Currently, Apple’s legal team is working tirelessly to prevent Samsung from releasing its Galaxy Tab 10.1. Earlier this year, Samsung released a 7-inch tablet in an effort to take on Apple and if you listen to some folks at Lenovo, that effort was a complete and utter disaster.
Speaking to the Guardian, Andrew Barrow, who serves as Lenovo’s director of consumer products and pricing, explained that when companies try and compete with Apple via price undercutting, they end up losing money – and let’s face it, don’t even garner substantive marketshare.
Fleshing out his statement, Barrow proceeded to use Samsung as an example.
Samsung said at the end of 2010 that it had shipped 1m of its 7-inch Galaxy devices, which were seen as the first real Android competitors to Apple’s iPad. However, according to Barrow, Samsung only sold 20,000 of the tablets. Samsung had not returned a request for comment on Barrow’s claim by the time of publication.
Lenovo announced its own entry into the Android tablet market at the IFA technology show in Berlin on Thursday, with the IdeaPad K1. Asked whether the K1, which will launch in mid-September with a starting price of £349, should be much cheaper than the market-leading iPad 2, priced from £399, Barrow told The Guardian that “at that price, any [manufacturer] would be giving money away”.
Samsung has never given details of the actual sales it has made in the tablet market. In an earnings call at the end of January, Samsung executives admitted that the company had shipped far more tablets than had actually been sold, saying that the latter figure was “quite smooth” – a puzzling phrase that was never explained.
We’re not sure what Barrow’s source is here, but as Steve Jobs like to say, if you sell a lot of a particular product, you tend to advertise it and brag about it.
It’s entirely possible, if not probable, that Samsung is partaking in the time dishonored tradition of channel stuffing whereby they stuff as many products down the throats of retailers as possible and tout their “products shipped” numbers with pride, all the while said products aren’t finding their way into the hands of consumers.

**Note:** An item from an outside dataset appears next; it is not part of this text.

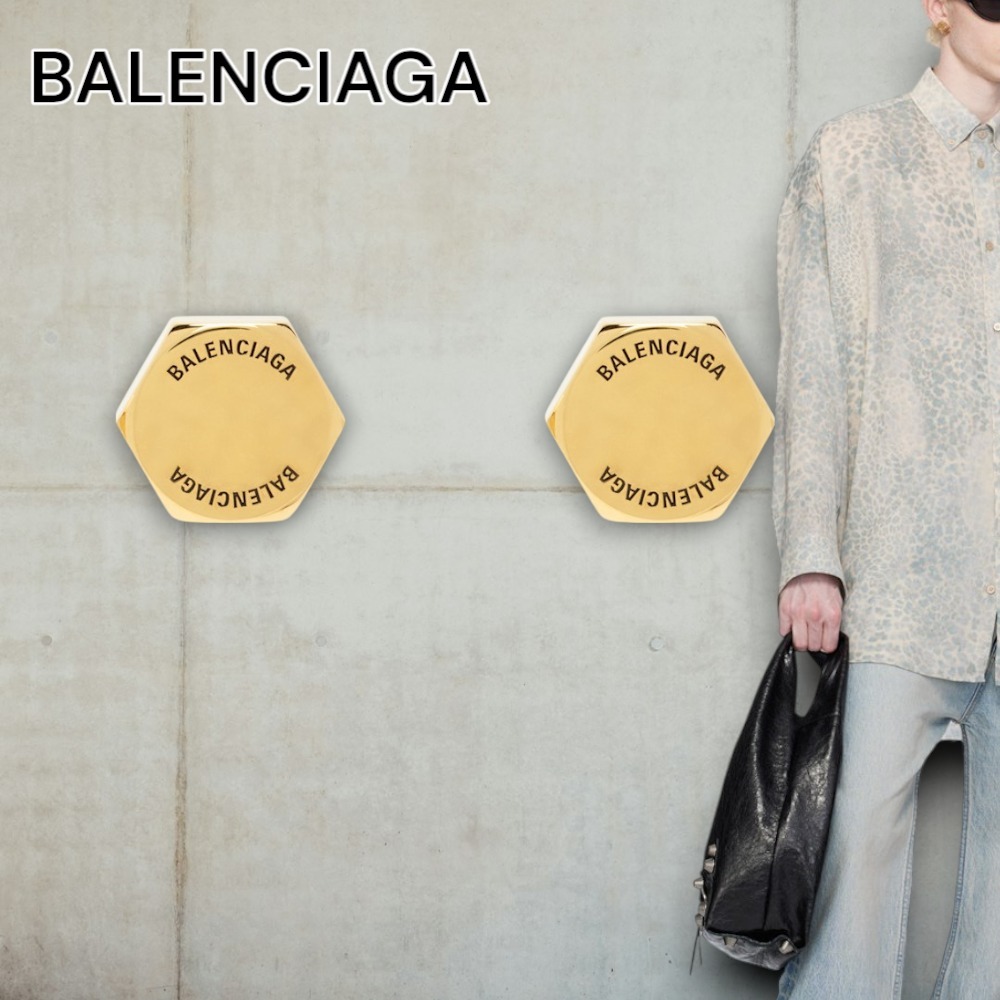 【BALENCIAGA】ゴールド Garage Double Screw ピアス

Samsung’s 7-inch tablet notwithstanding, Samsung’s flagship tablet is the upcoming Galaxy Tab 10.1 – a device that bears a remarkable similarity to Apple’s iPad. Consequently, Apple was able to attain a temporary injunction in Germany precluding Samsung from selling and marketing the device in the country until a formal hearing on the matter can be had. A similar ruling was handed down against Samsung in Australia as well.